Demonstrates the use of Stress Constraint in Topology Optimization on a control arm.

The finite element mesh containing designable (red) and non-designable regions (brown) is shown in Figure 1.

Figure 1. FE Model

Model Files

Before you begin, copy the file(s) used in this example to your working directory.

Model Description

Topology optimization of control arm is solved for:
Analysis Type
Linear Static
Force and Moment
Objective: Min Volume
Subject to: Local stress constraint

New stress responses for Topology and Free-Size optimization can be defined via the DRESP1 Bulk Data Entry. The Stress Responses are internally aggregated using the Stress-NORM approach to maintain the number of created responses at a reasonable number.

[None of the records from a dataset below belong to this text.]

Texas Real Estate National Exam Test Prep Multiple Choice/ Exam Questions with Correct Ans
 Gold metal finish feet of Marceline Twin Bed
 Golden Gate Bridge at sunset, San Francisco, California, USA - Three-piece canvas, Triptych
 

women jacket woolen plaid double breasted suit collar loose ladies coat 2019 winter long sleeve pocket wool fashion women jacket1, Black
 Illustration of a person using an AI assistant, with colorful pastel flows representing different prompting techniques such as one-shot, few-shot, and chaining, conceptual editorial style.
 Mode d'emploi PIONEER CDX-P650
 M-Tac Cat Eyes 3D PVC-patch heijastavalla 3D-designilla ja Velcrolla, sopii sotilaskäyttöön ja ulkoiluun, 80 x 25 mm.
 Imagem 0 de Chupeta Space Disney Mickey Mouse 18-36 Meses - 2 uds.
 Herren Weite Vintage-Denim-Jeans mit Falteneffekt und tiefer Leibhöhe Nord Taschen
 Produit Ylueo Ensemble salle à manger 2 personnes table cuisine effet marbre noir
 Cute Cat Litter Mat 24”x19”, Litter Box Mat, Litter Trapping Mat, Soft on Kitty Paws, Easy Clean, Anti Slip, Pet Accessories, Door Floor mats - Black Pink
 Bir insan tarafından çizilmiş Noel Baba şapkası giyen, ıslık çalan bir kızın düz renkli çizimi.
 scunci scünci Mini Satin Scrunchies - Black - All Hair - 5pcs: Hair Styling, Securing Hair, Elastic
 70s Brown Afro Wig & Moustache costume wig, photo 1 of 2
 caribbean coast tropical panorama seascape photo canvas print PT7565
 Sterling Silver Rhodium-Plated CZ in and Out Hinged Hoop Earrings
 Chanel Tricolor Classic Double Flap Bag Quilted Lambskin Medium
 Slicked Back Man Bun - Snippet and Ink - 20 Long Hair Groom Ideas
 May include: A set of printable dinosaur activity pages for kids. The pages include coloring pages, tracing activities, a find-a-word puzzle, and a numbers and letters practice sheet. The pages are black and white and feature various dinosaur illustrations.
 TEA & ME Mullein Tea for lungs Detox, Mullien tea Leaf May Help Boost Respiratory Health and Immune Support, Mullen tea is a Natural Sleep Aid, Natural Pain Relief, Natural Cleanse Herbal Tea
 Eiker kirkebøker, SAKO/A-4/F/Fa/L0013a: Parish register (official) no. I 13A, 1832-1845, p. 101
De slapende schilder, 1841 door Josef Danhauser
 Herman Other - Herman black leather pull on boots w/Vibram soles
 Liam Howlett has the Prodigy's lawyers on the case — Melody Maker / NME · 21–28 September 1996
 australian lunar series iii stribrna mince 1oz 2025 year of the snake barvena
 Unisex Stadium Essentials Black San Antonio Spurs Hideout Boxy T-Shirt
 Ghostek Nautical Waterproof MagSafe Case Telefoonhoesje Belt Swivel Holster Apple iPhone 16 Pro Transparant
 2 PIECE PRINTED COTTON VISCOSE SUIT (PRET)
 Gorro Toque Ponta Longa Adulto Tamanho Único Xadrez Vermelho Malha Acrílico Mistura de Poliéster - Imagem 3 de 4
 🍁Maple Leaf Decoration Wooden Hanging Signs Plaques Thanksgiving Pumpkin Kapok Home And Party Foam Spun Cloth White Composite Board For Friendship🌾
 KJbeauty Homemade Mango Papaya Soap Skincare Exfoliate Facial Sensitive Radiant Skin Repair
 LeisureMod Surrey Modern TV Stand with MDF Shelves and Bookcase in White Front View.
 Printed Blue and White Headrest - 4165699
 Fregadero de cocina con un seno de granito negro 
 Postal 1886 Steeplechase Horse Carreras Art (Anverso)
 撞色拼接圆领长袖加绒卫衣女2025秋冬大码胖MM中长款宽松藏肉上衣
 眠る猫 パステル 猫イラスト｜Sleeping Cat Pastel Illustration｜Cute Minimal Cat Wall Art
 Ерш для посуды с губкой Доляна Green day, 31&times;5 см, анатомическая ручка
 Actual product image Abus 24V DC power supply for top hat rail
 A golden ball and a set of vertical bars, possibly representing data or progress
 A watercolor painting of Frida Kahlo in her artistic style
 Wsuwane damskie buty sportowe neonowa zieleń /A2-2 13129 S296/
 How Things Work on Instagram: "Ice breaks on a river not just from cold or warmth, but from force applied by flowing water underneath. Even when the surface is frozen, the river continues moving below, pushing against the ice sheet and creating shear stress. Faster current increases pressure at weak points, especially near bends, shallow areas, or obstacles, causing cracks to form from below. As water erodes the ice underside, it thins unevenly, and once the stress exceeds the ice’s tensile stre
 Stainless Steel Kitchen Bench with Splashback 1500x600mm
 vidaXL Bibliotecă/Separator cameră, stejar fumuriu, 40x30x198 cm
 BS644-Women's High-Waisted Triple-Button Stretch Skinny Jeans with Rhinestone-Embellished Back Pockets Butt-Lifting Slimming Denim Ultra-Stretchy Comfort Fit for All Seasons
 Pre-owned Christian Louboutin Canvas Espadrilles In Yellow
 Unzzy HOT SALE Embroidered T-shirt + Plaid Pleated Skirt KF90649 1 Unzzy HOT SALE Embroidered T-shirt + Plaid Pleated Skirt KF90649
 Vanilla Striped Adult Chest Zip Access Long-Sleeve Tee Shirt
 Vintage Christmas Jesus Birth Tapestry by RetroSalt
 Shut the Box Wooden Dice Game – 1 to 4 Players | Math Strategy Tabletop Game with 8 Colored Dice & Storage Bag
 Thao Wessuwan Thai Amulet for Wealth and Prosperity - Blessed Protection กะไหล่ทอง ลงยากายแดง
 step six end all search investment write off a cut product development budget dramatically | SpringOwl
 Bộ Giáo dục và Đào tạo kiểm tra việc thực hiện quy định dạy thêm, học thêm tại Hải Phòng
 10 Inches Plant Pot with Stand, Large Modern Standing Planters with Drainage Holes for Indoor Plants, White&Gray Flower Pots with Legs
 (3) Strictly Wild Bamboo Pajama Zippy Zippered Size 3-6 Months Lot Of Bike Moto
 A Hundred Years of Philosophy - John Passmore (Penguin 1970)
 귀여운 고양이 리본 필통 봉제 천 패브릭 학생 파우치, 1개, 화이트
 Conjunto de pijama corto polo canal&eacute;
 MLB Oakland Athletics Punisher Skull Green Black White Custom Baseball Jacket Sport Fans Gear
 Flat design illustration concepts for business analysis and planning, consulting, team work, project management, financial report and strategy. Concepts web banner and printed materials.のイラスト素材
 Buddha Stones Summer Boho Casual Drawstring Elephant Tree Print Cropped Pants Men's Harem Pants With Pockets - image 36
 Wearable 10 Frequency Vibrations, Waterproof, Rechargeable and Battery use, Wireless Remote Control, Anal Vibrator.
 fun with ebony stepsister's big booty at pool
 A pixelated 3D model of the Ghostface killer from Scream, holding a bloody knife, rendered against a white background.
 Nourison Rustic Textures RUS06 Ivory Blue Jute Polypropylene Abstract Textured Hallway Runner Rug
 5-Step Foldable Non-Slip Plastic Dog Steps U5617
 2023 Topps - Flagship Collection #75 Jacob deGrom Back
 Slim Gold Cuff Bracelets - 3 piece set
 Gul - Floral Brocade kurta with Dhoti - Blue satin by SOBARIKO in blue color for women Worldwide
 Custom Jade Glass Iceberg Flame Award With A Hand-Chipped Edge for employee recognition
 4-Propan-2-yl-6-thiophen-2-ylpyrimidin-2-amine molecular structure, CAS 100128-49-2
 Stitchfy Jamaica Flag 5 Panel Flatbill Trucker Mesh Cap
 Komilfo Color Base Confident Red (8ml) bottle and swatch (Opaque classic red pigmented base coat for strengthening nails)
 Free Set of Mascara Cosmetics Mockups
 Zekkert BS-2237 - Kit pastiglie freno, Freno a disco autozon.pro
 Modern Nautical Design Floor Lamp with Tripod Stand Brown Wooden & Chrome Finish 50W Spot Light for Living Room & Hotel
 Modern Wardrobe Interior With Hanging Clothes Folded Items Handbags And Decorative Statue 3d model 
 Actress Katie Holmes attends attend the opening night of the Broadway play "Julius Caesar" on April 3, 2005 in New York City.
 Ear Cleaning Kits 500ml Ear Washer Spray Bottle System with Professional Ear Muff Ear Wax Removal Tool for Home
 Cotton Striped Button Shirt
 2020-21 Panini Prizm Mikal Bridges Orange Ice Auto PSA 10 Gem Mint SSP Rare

The Stress-NORM method is used to approximately calculate the maximum value of the stresses of all the elements included in a particular response. This is also scaled with the stress bounds specified for each element. Therefore, to minimize the maximum stresses in a particular element set, the resulting Stress NORM value is internally constrained to a value lower than 1.0. For more information on the Stress-NORM method, refer to the DRESP1 Bulk Data Entry in the Reference Guide.
FE Model
Elements Types
The linear material properties are:
Young’s Modulus
1.6E5 MPa
Poisson's Ratio
Initial Density
7.1E-9 Mg/mm3


Figure 2. Element Stress Plot
OptiStruct provides the Element density information for all of the iterations (Figure 3 and Figure 4). In addition, OptiStruct will also show Displacement and von Mises stress results of a linear static analysis for iteration 0 and iteration 44 (Figure 2).

Figure 3. Element Density Contour

Figure 4. Element Density Contour (different view)